### EXERCISE DIRECTIONS
Starting from the line containing "Blue Ridge Pottery", give again every line through the end of the entries, word for word. Pictures stay out of the copy.

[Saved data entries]
=== Begin Enclosure ===

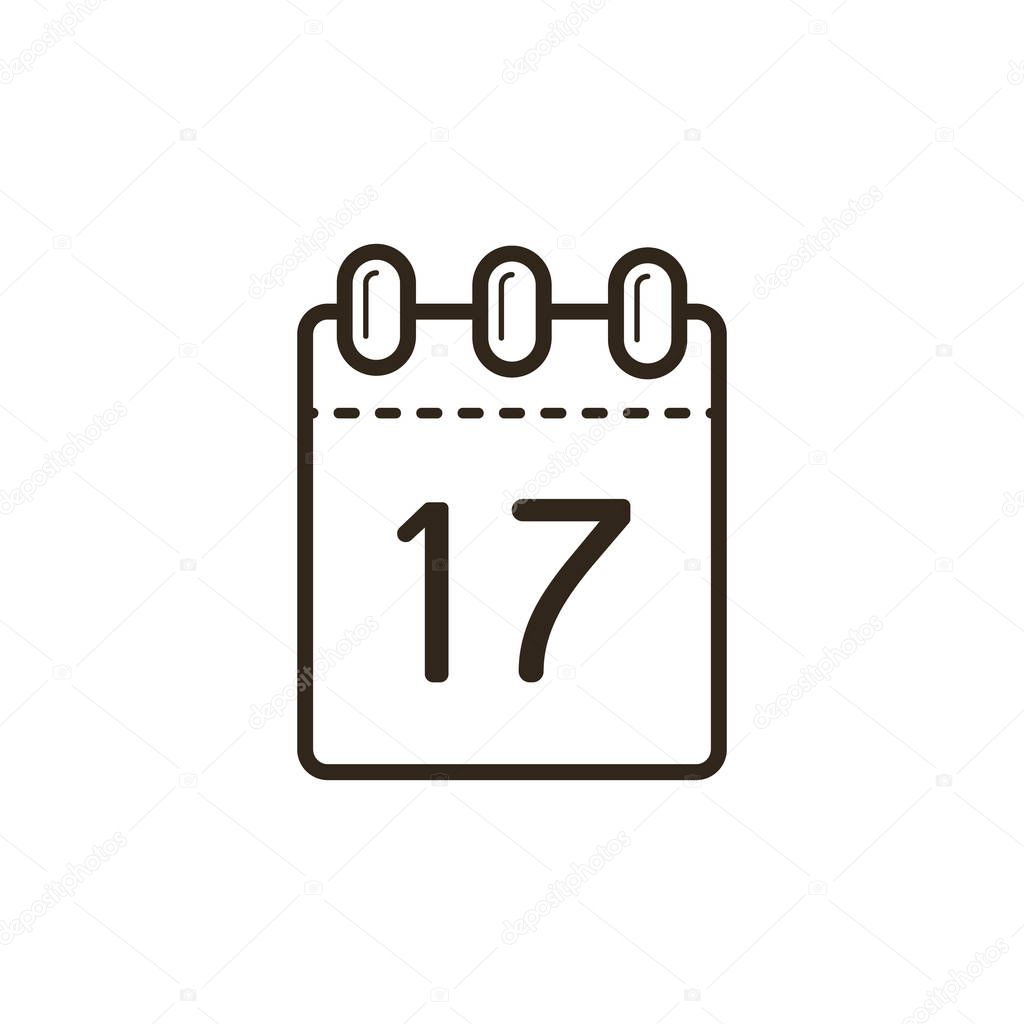 black and white line art icon of the tear-off calendar with number seventeen on sheet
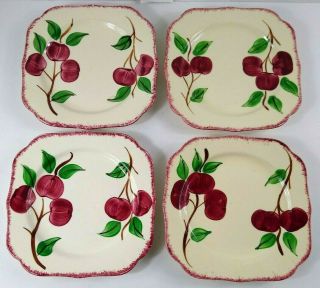 Blue Ridge Pottery Colonial Crab Apple Small Square Plates Set Of 4 Salad 7 5/8 "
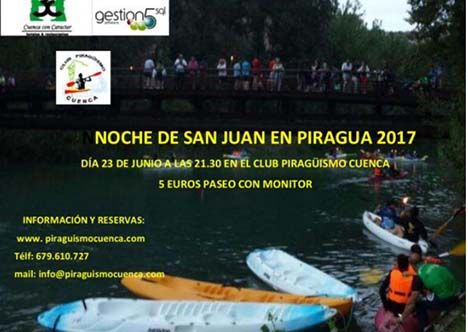 El Club Piragüismo Cuenca con Carácter celebrará un paseo nocturno en la mágica noche de San Juan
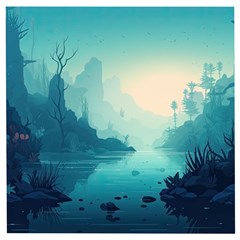 Ai Generated River Forest Woods Outdoors Wooden Puzzle Square by Pakemis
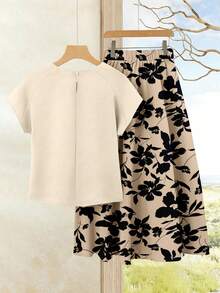 Rusticease 女士度假休闲印花纯色上衣+印花半裙套装（2件套），女士夏季服装，夏季半裙套装，半裙上衣套装，女士半裙上衣套装，印花半裙套装，女士夏季两件套休闲套装，女士两件套短袖嘉年华休闲装 - 彩色 - 查看 2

=== End Enclosure ===

### FINAL ANSWER
 Blue Ridge Pottery Colonial Crab Apple Small Square Plates Set Of 4 Salad 7 5/8 "
 El Club Piragüismo Cuenca con Carácter celebrará un paseo nocturno en la mágica noche de San Juan
 Ai Generated River Forest Woods Outdoors Wooden Puzzle Square by Pakemis
 Rusticease 女士度假休闲印花纯色上衣+印花半裙套装（2件套），女士夏季服装，夏季半裙套装，半裙上衣套装，女士半裙上衣套装，印花半裙套装，女士夏季两件套休闲套装，女士两件套短袖嘉年华休闲装 - 彩色 - 查看 2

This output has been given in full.